Wednesday, November 14, 2007

How Many Characters Per Server? +

To jump back into this for a moment, I totally understand the "altaholic" point of view. Of course from the player's perspective it's desirable to have as many slots for alts as one might ever want. There's an advantage here to the developer as well in that having multiple characters exposes more of the game's content, potentially keeping the player subscribing longer.

So sure, we'd all like to have plenty of alts. But I don't think we can come to a good understanding of what a developer should offer without also giving equal consideration to the problems that are generated by letting players have lots of alts.

Which brings me back to the crucial point of how the overall game experience is designed.
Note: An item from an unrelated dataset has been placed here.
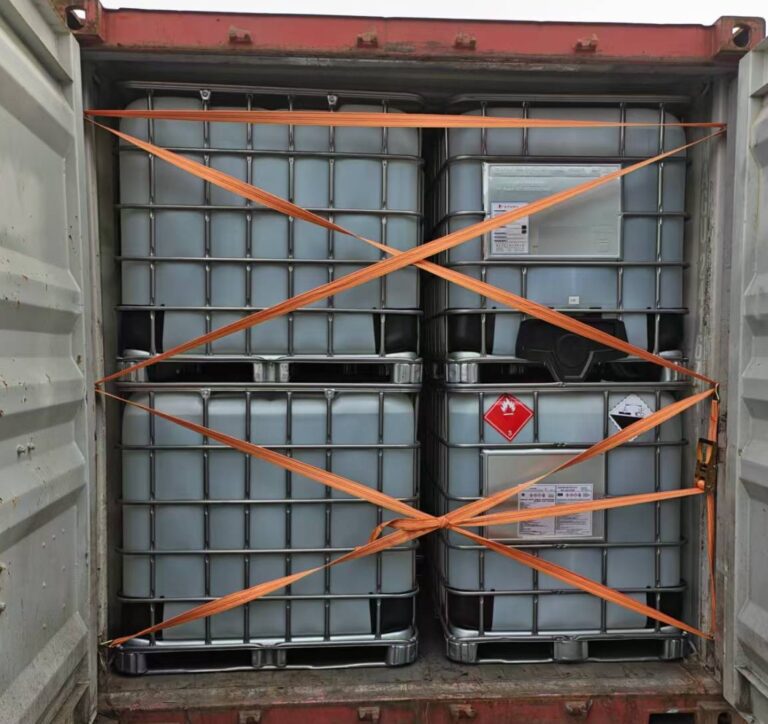 IBC totes strapped inside a shipping container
If the individual player's experience is based on what a single character can do (even if that character is part of a group), and all the game's challenges and character progression content are scaled to the individual character, then having lots of alts significantly reduces the level of challenge. As I said, when you can play as an ubercharacter with more capabilities than any single character is allowed to have, you're no longer playing the game as its designers intended it to be played.
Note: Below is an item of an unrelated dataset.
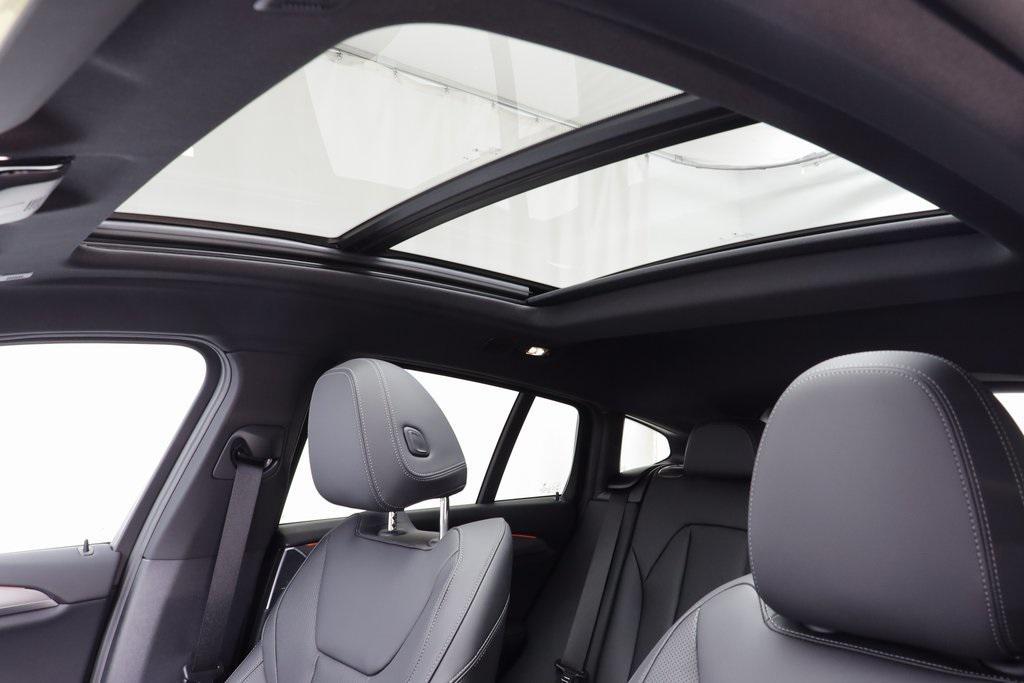 new 2025 BMW X4 car, priced at $61,185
The bottom line is that playing as an ubercharacter means you're cheating yourself. You're not getting the maximum amount of fun that's possible in the game.

Why should designers allow players to cheat themselves in this way?

The objection I know some will want to make here is, "Oh, but I don't feel like I'm cheating myself -- I'm just playing smart to get around a dumb/arbitrary restriction."

Originally Posted by Avery:
One of the numerous benefits to having alts is the ability to trade items, etc. to other characters that you own on the same server to serve as a BANK. Very Important, seeing as how there is always a limitation to how much junk you can carry around with you.
You're exactly right, this is precisely one of the benefits of having alts who can be allowed to share inventory slots.

And it's exactly the kind of problem I mean when I talk about "ubercharacters." Yes, one character has a certain limit on inventory space... because that's how the developers designed the game to be played. That limit, along with all the other limits, are set the way they're set in order to produce a specific gameplay experience. Good designers spend an enormous amount of time balancing those limits to try to maximize the actual fun that players can have over the long term. That's part of the art of game design.

To put it another way, limitations on character capabilities exist to create opportunities for what Sid Meier called "interesting choices," which are the decision points that make something a game instead of a book or a TV show. When a player can bypass those limits on what a single character can do (by being able to swap easily among multiple characters), the limits that make choices interesting are lightened or even removed completely.

I know this will be tough for a lot of people to accept. And it's even harder to justify when there are so many examples of limits that are obviously arbitrary, that developers only imposed to slow down advancement or make some trivial challenge into a difficult one. (Limiting most gameplay to killing mobs and taking their stuff doesn't exactly help maximize the fun potential of a gameworld, either.)

But limits are still necessary, even if no developer gets all these decisions right throughout a game, because without limits there's no need to make interesting choices. So even if some limits seem annoying -- like a maximum number of objects you can have in your house or your bank vault -- they're there for a reason. Even if it's possible to bypass these limits by running a bunch of alts because that increases your fun now, that doesn't mean that doing so will make the game more fun for you over the long term.

And designers have to account for that... at least, they do if they want people to stay interested in playing their game. This is what I meant when I said that "sometimes what gamers want is not what they should get." For a world to be fun -- for it to be a game -- there have to be some limits to what we as players can have.

So, with respect to alts, if we're talking about a class-based character advancement design, having a couple of alts (who can't trade with each other or exist in the game world simultaneously) helps to increase long-term gameplay because it allows players to enjoy a reasonably large chunk of the available content, one character at a time. But more than a couple of alts (especially if they can interact) would usually not be a good design decision because players will use those alts to bypass the limits on what individual characters can do, cheapening the intended gameplay experience over the long run.

And the value of alts is even lower if we're talking about a skills-based game in which characters can drop one skill to learn another, since changing a character's abilities over time is a core component of the game.

In short, alts are a kind of MMORPG crack: they're fun now, but you pay later.

Players, IMO, should just say no. And game designers should help them do so by minimizing the number of alts and their allowable interactions.